Filling a Niche: How Bob Johnson Cashed in on the Promise of Cable
Crisis, The, May/Jun 2004 by Cobb, William Jelani
books
Filling a Niche: How Bob Johnson Cashed in on the Promise of Cable
The Billion Dollar BET: Robert Johnson and the Inside Story of Black Entertainment Television
By Brett Pulley (Wiley, $24.95)
In America, money talks so that the people who possess it don't have to. More often than not, wealth acts as its own rationale, the standing reply to any criticism regarding how it was attained. In the case of Bob Johnson, billionaire media baron, sports franchise owner and subject of Brett Pulley's informative new biography, wealth is the raison d' etre for his most successful enterprise: Black Entertainment Television.

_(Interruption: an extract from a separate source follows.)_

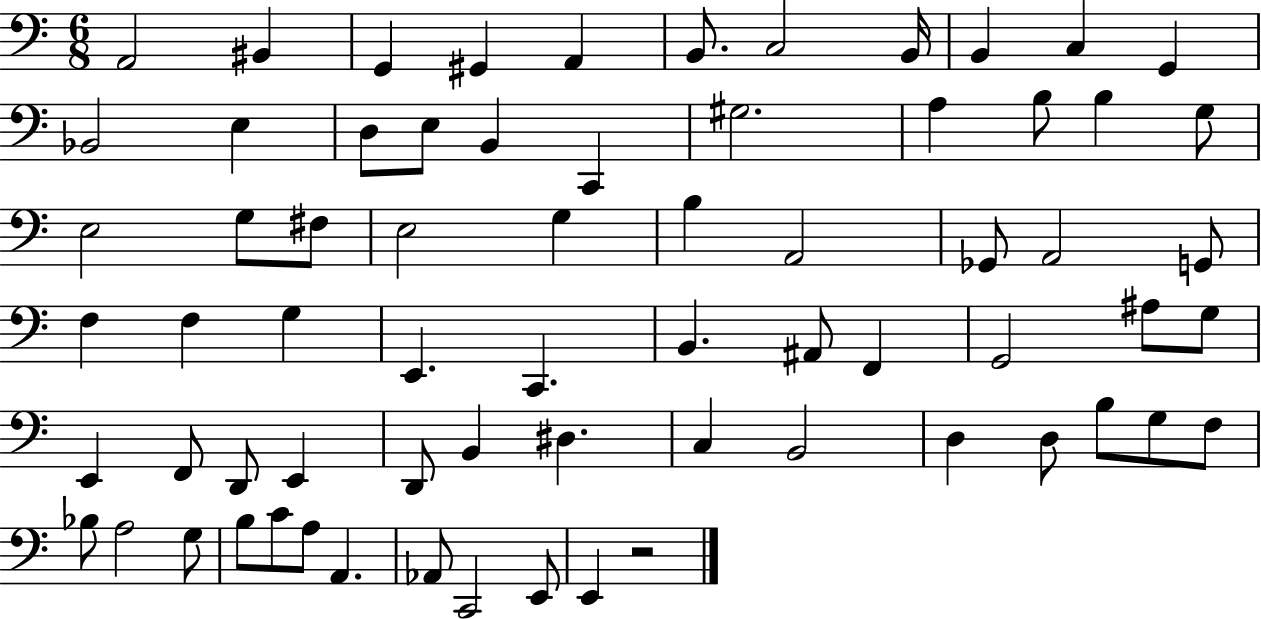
A2/h BIS2/q G2/q G#2/q A2/q B2/e. C3/h B2/s B2/q C3/q G2/q Bb2/h E3/q D3/e E3/e B2/q C2/q G#3/h. A3/q B3/e B3/q G3/e E3/h G3/e F#3/e E3/h G3/q B3/q A2/h Gb2/e A2/h G2/e F3/q F3/q G3/q E2/q. C2/q. B2/q. A#2/e F2/q G2/h A#3/e G3/e E2/q F2/e D2/e E2/q D2/e B2/q D#3/q. C3/q B2/h D3/q D3/e B3/e G3/e F3/e Bb3/e A3/h G3/e B3/e C4/e A3/e A2/q. Ab2/e C2/h E2/e E2/q R/h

By any standard, Johnson is an impressive individual; his life is an Algeresque tale of rising from poverty in Hickory, Miss., to the pinnacle of business success. He has etched his name into history as the first African American billionaire, helped to launch dozens of entertainment careers and provided employment for hundreds of people, almost all of them Black. Yet one comes away from The Billion Dollar BET with the impression that Johnson gained the world only to lose his soul. Pulley, a senior editor at Forbes magazine who covers the media and entertainment industries, presents here both the savvy, incisive business mind that created a lucrative enterprise and the cool-hearted, dispassionate character who left numerous crumbled careers in his wake doing so.
In the author's estimation, Johnson is equal parts Horatio Alger and Citizen Kane. "Unlike so many black entrepreneurs before him," Pulley informs us early on, "Johnson did not worry about his company being perceived as one that consciously uplifted the race." The primary purpose of Black Entertainment Television (BET) was to make money, a mission that was simultaneously the company's greatest strength and the source of its most vocal criticism.
The seed that was to germinate into BET began during Johnson's tenure as a staffer for Walter Fauntroy, then the District of Columbia's delegate to Congress. The two discussed the coming deregulation of cable television laws and the possibility of creating a venue through which Fauntroy could directly address his constituents. In short order, Johnson became a lobbyist for the cable industry and, recognizing that the Black and "urban" populations were being overlooked by the nascent industry, quit his job to create his own network.
Armed with a $15,000 bank loan and a business plan he'd adapted from a Mend who was trying to build a network directed at elderly viewers, Johnson was able to secure additional investment money from John Malone of Telecommunications Inc., which at the time was becoming the country's largest cable operator. BET was incorporated for $42 in September 1979 and aired its first program four months later.
To his credit, Johnson appeared, from the outset, to have no ceiling to his ambition and the limitless will to achieve his aspirations. After launching his flagship cable station, he branched out to restaurants (BET SoundStage), a website (BET.com) and magazines (including YSB and Emerge, publications to which this reviewer occasionally contributed).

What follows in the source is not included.